Borusa is a fictional character in the series Doctor Who, a member of the race of Time Lords from Gallifrey. Within the context of the series, Borusa is a former teacher of the Doctor who appears in four serials. Notably, Borusa was portrayed by a different actor in each appearance, it being implied that the character had regenerated.

Backstory

In The Deadly Assassin, it is established that Borusa is a member of the Prydonian Chapter and is said to have taught the Doctor in the Prydon Academy.

It is further revealed in The Invasion of Time that Borusa taught mind shielding, among other subjects, and had written a paper on reason.

His past on Gallifrey is expanded upon in spin-off media. In the Past Doctor Adventures novel Divided Loyalties, Borusa is revealed to have taught the Deca, ten brilliant academy students including the Doctor, the Master, the Meddling Monk, the Rani, Drax, the War Chief, Vansell, Rallon, Millenia and Jelpax.
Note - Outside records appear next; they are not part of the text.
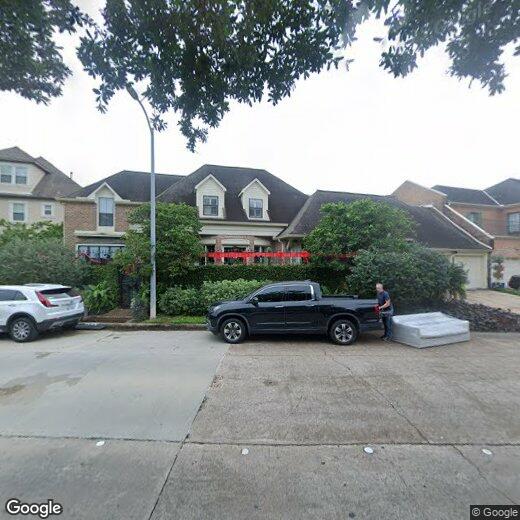 Primary Photo - 4964 Post Oak Timber Dr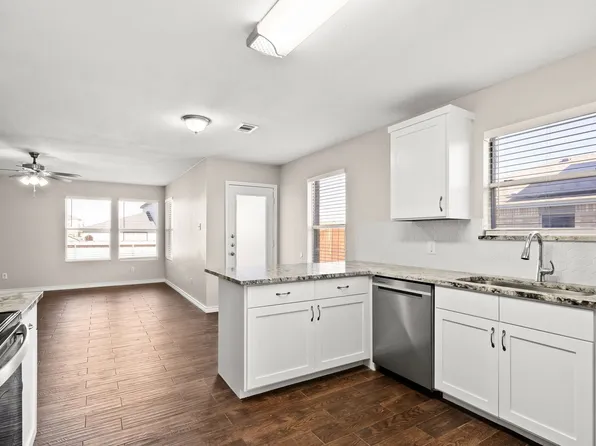 2409 Riley Dr, Killeen, TX 76542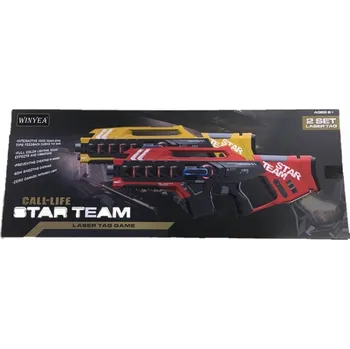 Ep Line Laser game sada se dvěma…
In the Virgin Missing Adventures novel Goth Opera, it is said that Borusa was the subject of practical jokes from the Doctor and his friend Ruath. These jokes included the electrification of Borusa's "perigosto stick".

In the Virgin New Adventures novel Cat's Cradle: Time's Crucible, Borusa is said to have written a history entitled "Rassilon the God".

Appearances

The character is introduced in The Deadly Assassin, in which he is portrayed by Angus MacKay. He occupies the post of Cardinal, holding the degree of jurist, and is portrayed as an amoral political pragmatist, a ready player in the elitist society of the Time Lords. A spin-doctor, he is shown to be ready to "adjust the truth" to "maintain public confidence in the Time Lords and their leadership".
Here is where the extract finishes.